Green Line LRT | ?m | ?s | Calgary Transit

Go Elevated or try for Underground?

  • Work with the province and go with the Elevated option

    Votes: 51 76.1%
  • Try another approach and go for Underground option

    Votes: 13 19.4%
  • Cancel it altogether

    Votes: 1 1.5%
  • Go with a BRT solution

    Votes: 2 3.0%

  • Total voters
    67
Thoughts?
The elevated route is not as poorly thought out as you might think. There are many alternatives, but they all have fatal flaws, whether due to a lack of connectivity to the future north line, property acquisition costs, impacts to the CPKC line, conflicts with the red line tunnel, or impacts to transit service on both the red and blue lines.

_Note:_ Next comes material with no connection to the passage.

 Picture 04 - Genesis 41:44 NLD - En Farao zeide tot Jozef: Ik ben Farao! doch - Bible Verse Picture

We don't need to go back to the drawing board on this. Please, no.
 
Sorry. I should have been more clear. I think the new route is probably fine (it's quite similar to the tunnel route after all). My concern is that the costing seems like it's not much better than napkin math, and the proposal from what I've seen doesn't address questions like "how should the guideway interact with the street and the plus-15s and so on along the route?" The answers to those sorts of questions could potentially drive a lot of cost that may make the napkin math quite wrong.

We don't need to go back to the drawing board on this. Please, no.

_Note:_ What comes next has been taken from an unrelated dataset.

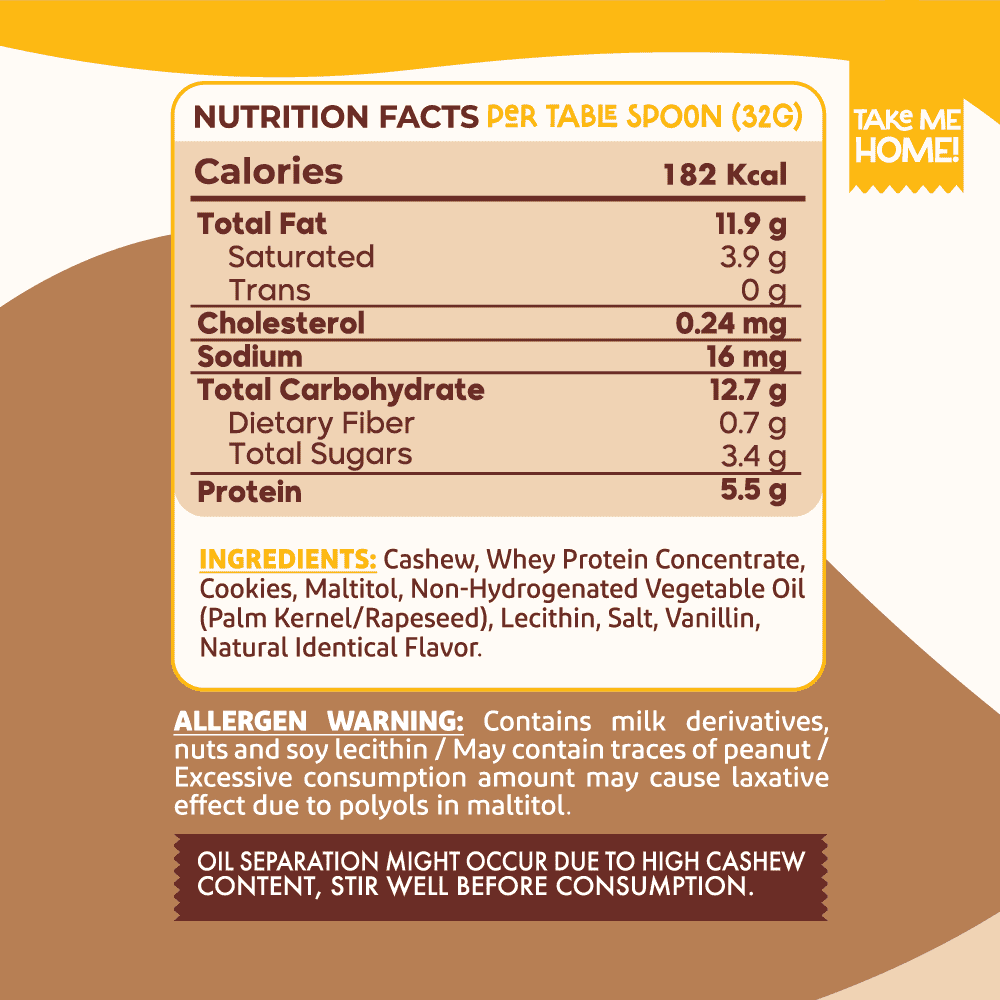 Cashew Spread with Whey Protein – Cookies & Cream | 200g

Agree 100%. What I would like to see as a taxpayer is for all orders of govenrnment involved to stop playing stupid political games, accept that it's now 2025 and costs have increased since the project is now starting later and inflation is a thing that exists, and that budgets need to be adjusted accordingly. I want them to work together constructively to get going on this adjusted alignment with a system that, while maybe not ideal is at least high quality. All the "take it or leave it" talk just leads to more delays that end up costing me more in the end.

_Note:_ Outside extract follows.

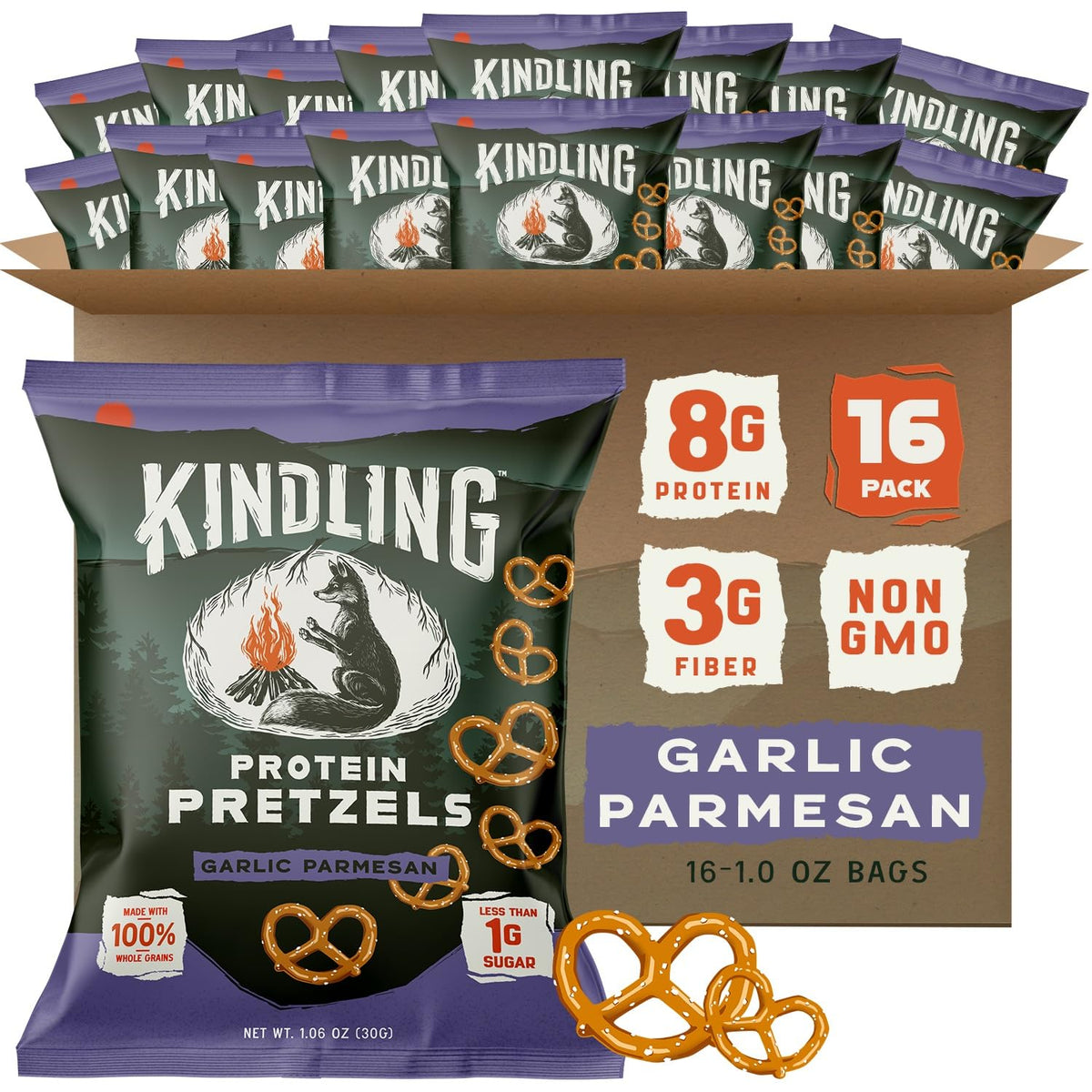 Kindling Protein Pretzels Garlic-Parmesan bag shows on-the-go protein for busy days.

I'm not confident that will happen given the current political climate, however.
 
Sorry. I should have been more clear. I think the new route is probably fine (it's quite similar to the tunnel route after all). My concern is that the costing seems like it's not much better than napkin math, and the proposal from what I've seen doesn't address questions like "how should the guideway interact with the street and the plus-15s and so on along the route?" The answers to those sorts of questions could potentially drive a lot of cost that may make the napkin math quite wrong.
The report answers this a little bit (though it seems the +15 integration in the report was pretty sloppy), but the only way to get more clarity is more design work. The province and AECOM aren't sitting on answers to these specific questions the city seems to be asking them. The city should actually have a better idea of these things than the province, IF the city actually gave elevated a fair shake ~9 years ago and developed a good faith elevated option (which would identify some of the big inherent challenges/drawbacks, but also have a preliminary idea for how to mitigate them). But as we too often see with non-preferred options, the final publicly available reporting tends to emphasize the challenges while ignoring possible mitigations.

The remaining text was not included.